Book review: Susan Cheever takes a sideways look at the American character
A history of drinking in the United States chronicles the swings of the pendulum from abstinence to excess and back again



Alcoholism and sobriety loom large in the work of Susan Cheever, the recovering alcoholic daughter of the great mid-century American writer John Cheever, whose own struggles with alcohol are legendary.
"My father was addicted to alcohol and it showed. I was addicted to everything, and that was much easier to hide," she writes in her new book, Drinking in America. "I haven't had a drink in more than 20 years - 20 years during which I have obsessively studied both alcoholism and temperance and their effects on individuals and cultures." Cheever serves up a sober cocktail of American history, dividing it into "pendulum swings" of overindulgence and abstinence told through stories of its leading teetotallers and drunks.

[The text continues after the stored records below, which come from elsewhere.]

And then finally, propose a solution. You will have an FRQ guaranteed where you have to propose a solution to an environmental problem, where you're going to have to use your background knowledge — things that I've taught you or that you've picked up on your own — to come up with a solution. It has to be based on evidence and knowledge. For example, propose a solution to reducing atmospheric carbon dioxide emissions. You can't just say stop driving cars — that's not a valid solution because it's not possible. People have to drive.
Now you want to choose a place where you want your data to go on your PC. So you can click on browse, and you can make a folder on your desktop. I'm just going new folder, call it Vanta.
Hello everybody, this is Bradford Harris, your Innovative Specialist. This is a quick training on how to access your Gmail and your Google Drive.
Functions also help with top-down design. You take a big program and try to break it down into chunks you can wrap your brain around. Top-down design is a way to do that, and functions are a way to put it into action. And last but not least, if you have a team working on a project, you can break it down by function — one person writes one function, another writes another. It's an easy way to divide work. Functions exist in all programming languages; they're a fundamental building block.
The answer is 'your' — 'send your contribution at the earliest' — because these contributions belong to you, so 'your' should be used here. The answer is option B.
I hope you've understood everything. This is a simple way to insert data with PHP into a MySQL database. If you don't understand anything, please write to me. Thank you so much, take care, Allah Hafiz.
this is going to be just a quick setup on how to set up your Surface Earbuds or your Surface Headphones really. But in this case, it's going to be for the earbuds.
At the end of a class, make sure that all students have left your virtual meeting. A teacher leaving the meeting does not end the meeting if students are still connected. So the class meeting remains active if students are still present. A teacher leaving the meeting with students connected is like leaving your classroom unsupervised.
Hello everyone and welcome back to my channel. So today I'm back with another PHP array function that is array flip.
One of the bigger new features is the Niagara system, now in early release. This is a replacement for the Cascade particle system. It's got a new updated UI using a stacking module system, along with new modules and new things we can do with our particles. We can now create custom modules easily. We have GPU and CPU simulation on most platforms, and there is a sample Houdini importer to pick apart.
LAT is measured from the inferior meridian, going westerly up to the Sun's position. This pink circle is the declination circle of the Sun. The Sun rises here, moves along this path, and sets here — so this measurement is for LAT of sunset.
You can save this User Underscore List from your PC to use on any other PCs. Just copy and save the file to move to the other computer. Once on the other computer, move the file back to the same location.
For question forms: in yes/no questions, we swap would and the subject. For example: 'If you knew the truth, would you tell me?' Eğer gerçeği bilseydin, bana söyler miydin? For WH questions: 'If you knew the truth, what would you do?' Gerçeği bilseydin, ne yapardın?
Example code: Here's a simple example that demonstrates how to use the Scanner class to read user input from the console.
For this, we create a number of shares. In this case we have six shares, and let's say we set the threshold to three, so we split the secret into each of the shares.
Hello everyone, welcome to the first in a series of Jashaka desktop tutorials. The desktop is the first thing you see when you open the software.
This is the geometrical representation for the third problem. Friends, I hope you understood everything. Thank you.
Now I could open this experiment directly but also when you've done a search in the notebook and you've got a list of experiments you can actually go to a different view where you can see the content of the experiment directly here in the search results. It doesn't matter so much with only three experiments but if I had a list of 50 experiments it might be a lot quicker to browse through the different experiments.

The Pilgrims, we learn, landed the Mayflower in New England "because they were running out of beer". She describes the Revolutionary War battle at Lexington Green as a "classic encounter between those who drink too much and those who have to deal with them"- that is, the militiamen who'd been boozing for hours and the British soldiers.
In the Civil War chapter she scolds historians for "scant or no mention of the effect drinking had on the troops, the generals or the progress of the war". Joseph McCarthy merits a chapter, in part because he was a drunk, while the material on the JFK assassination focuses on how members of his Secret Service detail were out drinking until the wee hours the night before.